Your team’s contract is the sum of both partners’ bids (nil counts as 0 toward that sum). There’s no blind nil in this implementation; bidding 0 always means a standard, hand-seen nil.
Playing a trick
Section titled “Playing a trick”The player to the dealer’s left leads the first trick; after that, the trick winner leads next. You must follow suit if you can. Spades is always trump, so if you can’t follow the suit led, you may play anything, including a spade to win the trick.
Spades can’t be led until a spade has already been played on some earlier trick, unless your whole hand is spades, in which case you have no other option.
Example trick
Section titled “Example trick”Hearts are led:
| Seat | Plays | Note |
|---|---|---|
| Lead | 6♥ | opens the trick |
| Next | 9♥ | follows suit |
| Next | 3♠ | void in hearts, trumps in, breaks spades |
| Next | K♥ | follows suit, but can’t beat the trump |
The 3♠ wins despite being a low card; any trump beats any non-trump. Spades is now broken for the rest of the hand.
Scoring
Section titled “Scoring”At the end of the hand, add up each team’s total bid and total tricks won.

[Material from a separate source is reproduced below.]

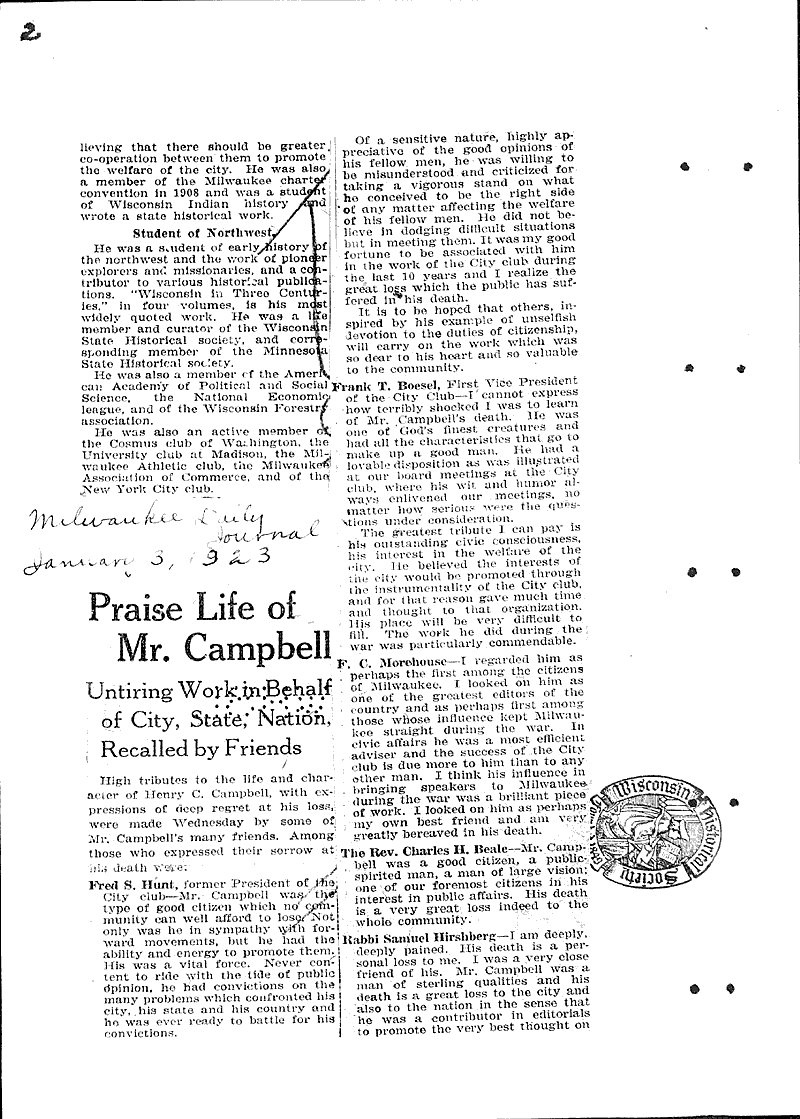  Source: Milwaukee Sentinel Topics: Wars Date: 1923-01-03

- If the team’s total tricks meet or beat their total bid, they score 10 points per bid trick, plus 1 point for every trick over the bid (an “overtrick,” also called a bag).
- If the team’s total tricks fall short of their bid, they score -10 points per bid trick instead. No partial credit, and no bags.
- If both partners bid nil (team bid = 0), there’s no positive contract to hit. The team just scores 1 point per trick actually taken, and every one of those tricks counts as a bag.
Nil, scored separately per player on top of the team math above:
- Bid nil and took exactly 0 tricks: +100 for that player’s team.
- Bid nil but took 1 or more tricks: -100 for that player’s team.
A nil bidder’s tricks (if they take any) still count toward the team’s overall trick total for the main bid/bag math above; the nil bonus/penalty is additional, not a replacement.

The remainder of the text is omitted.